● **Problem**:
The answer is a single number: the count of lines in the records below that contain the word "things".

[Data extracted from a collection]
'''
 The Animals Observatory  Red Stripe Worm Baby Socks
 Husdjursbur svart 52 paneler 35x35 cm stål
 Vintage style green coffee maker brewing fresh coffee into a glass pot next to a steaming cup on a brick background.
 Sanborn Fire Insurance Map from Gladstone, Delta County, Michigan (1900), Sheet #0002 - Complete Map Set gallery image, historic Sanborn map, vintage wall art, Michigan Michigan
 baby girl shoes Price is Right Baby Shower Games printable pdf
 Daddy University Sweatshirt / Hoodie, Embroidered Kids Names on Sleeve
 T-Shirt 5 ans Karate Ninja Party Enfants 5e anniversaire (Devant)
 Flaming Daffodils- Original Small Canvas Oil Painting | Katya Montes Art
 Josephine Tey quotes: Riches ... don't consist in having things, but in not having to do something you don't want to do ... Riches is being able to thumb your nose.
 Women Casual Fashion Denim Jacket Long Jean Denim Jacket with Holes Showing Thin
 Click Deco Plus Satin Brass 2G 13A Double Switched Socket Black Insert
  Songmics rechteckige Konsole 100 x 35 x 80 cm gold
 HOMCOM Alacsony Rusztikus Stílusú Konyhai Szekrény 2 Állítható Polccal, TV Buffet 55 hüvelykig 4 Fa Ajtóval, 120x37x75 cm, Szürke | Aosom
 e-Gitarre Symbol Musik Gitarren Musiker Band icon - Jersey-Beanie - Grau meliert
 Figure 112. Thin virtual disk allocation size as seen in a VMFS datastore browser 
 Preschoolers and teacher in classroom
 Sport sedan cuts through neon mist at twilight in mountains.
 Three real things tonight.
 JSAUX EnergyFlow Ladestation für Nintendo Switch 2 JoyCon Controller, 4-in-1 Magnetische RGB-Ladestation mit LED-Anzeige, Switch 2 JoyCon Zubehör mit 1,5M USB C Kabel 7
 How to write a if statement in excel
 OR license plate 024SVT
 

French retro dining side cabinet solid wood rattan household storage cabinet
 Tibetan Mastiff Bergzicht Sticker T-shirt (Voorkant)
'''
● **Solution to the exercise**:
2